Psikolog J Post (1986), sebagai misal, menemukan adanya kekhasan dalam
interaksi tiga segi antara negara (pemerintah), orang tua (parent), dan anak
(child). Pola interaksi tiga unsur ini menjadi penentu bagi anak untuk
menjadi pejuang separatis atau aktivis anarkistis. Post memasukkan kelompok
separatis (nationalist-separatists) dan kelompok anarkis
(anarchic-ideologues) sebagai dua jenis kelompok teroris.
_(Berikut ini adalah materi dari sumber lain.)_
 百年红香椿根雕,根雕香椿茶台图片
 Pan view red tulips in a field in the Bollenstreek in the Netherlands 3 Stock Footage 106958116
Harmoni antara negara, orang tua, dan anak, menurut Post, tidak akan
menghasilkan sebuah kondisi bagi keterlibatan anak, baik dalam separatisme
maupun anarkisme. Bertolak belakang dengan itu, disharmoni tiga segi
merupakan prasyarat sempurna bagi anak untuk masuk ke dalam dua variasi
aktivitas perlawanan tersebut.
Tentu, ada sejumlah pertanyaan yang dapat diajukan terhadap penelitian Post.
Juga perlu dicermati kompleksitas faktor-faktor lain yang berpengaruh
terhadap keputusan individu untuk masuk ke dalam barisan separatis dan
anarkis. Terlepas dari kelemahan-kelemahan yang ada, riset tentang interaksi
tiga segi di atas memaparkan bahwa separatisme dan anarkisme --dua problem
yang juga tengah menyambangi bangsa ini-- adalah konsekuensi yang harus
dihadapi oleh para pemimpin nasional manakala tindak-tanduk mereka secara
frontal antagonistis dengan harapan rakyat. Dalam konteks kekinian di
Indonesia, apatisme bahkan antipati massal merupakan kondisi psikis yang
sangat potensial bagi berkembangnya ketidaksetiaan (disloyalty) yang
ditujukan oleh rakyat kepada para pemimpin nasional.
Jadi, sekali lagi, di balik sorak-sorai dirgahayu 17 Agustus 2002, sebuah
ucapan maaf penuh ketulusan dari para pemimpin nasional --insya Allah-- akan
menjadi penawar yang dapat meredakan linangan air mata Ibu Pertiwi.